SUPPLIED ENTRIES:
━━━━

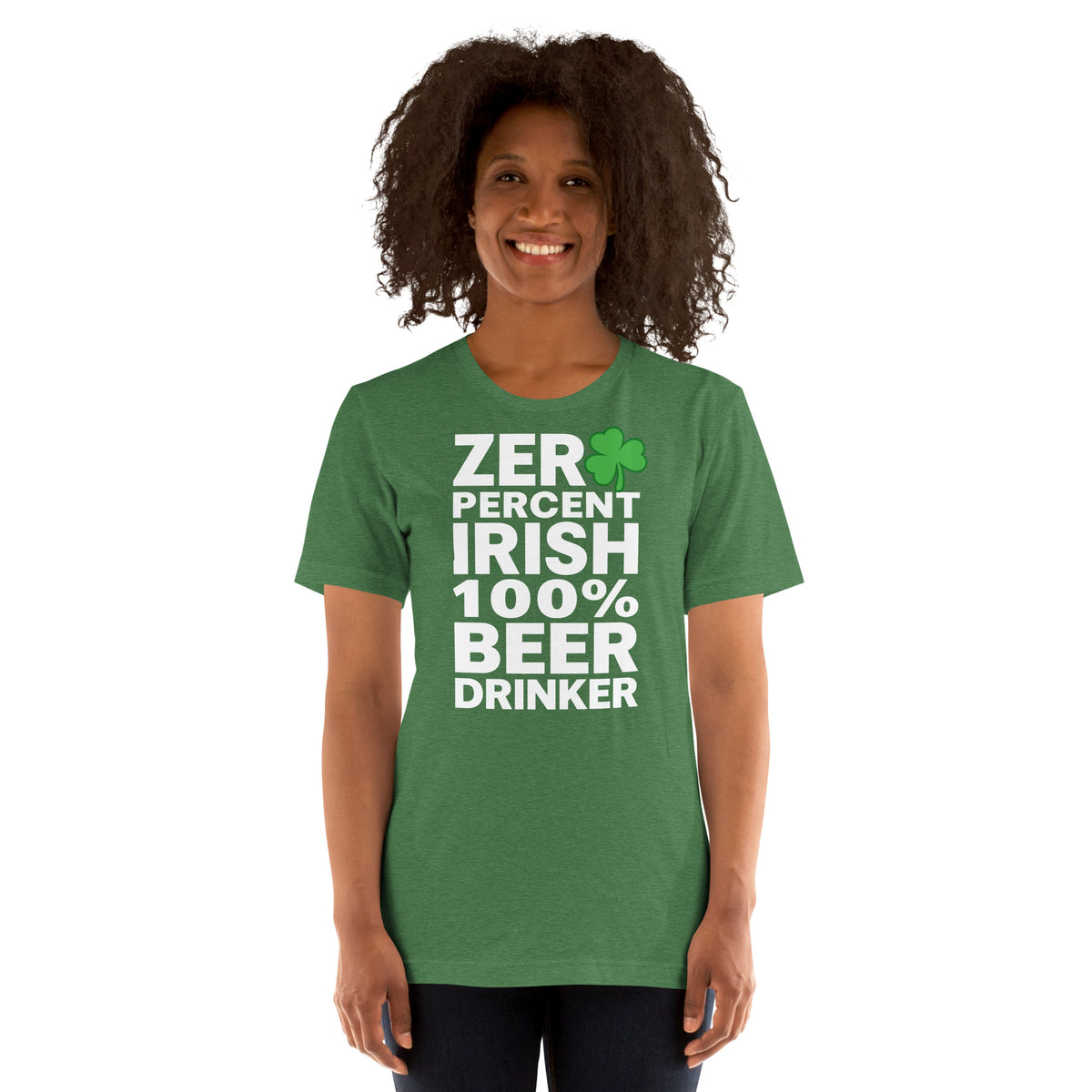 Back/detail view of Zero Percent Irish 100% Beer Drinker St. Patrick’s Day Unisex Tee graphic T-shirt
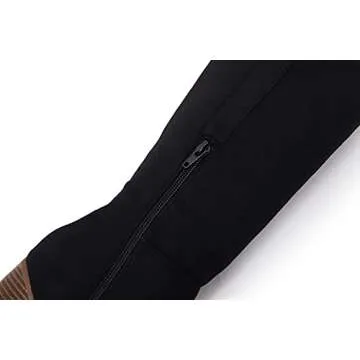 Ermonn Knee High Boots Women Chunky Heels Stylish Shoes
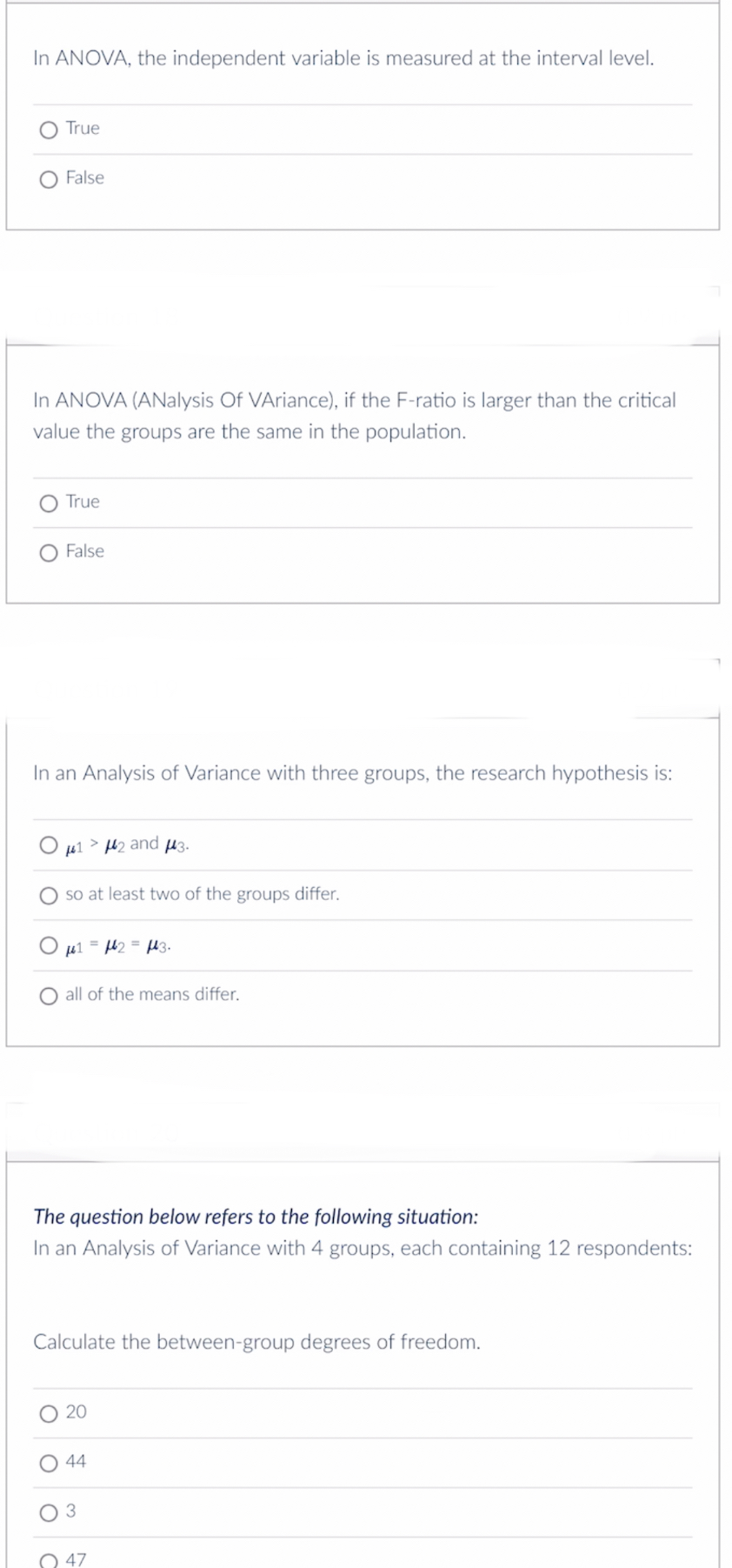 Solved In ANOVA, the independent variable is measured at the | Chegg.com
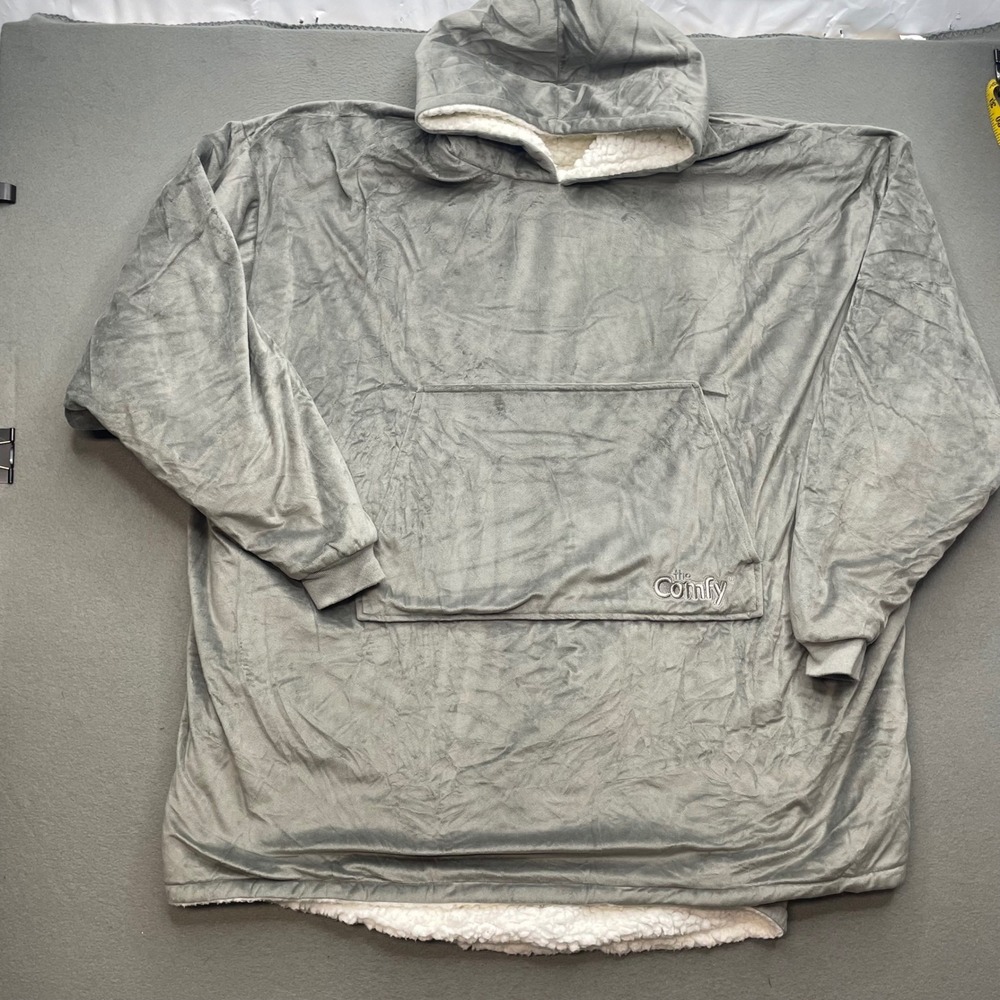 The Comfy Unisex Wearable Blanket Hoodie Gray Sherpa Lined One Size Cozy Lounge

━━━━

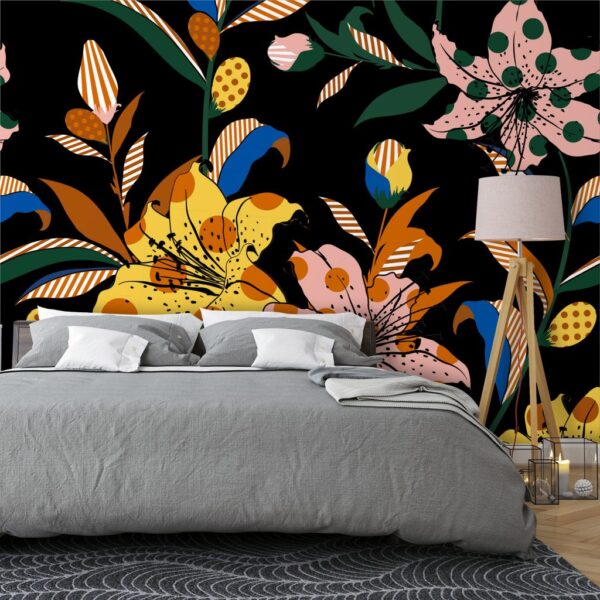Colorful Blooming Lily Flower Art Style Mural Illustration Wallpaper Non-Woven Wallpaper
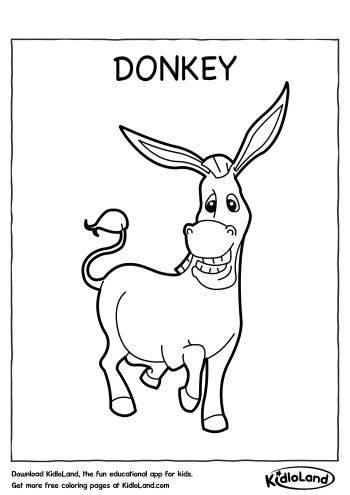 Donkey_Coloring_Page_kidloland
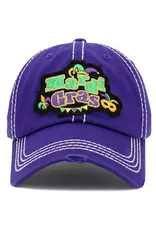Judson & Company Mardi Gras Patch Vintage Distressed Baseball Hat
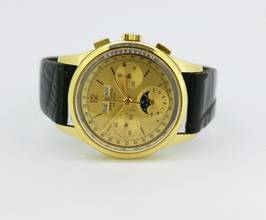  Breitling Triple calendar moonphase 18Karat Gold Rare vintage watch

━━━━

EXERCISE DIRECTIONS: Your answer should be the lines above, word for word, from the line with "Back/detail view of" through the line with "The Comfy Unisex", minus the pictures.

WRITTEN RESPONSE:
 Back/detail view of Zero Percent Irish 100% Beer Drinker St. Patrick’s Day Unisex Tee graphic T-shirt
 Ermonn Knee High Boots Women Chunky Heels Stylish Shoes
 Solved In ANOVA, the independent variable is measured at the | Chegg.com
 The Comfy Unisex Wearable Blanket Hoodie Gray Sherpa Lined One Size Cozy Lounge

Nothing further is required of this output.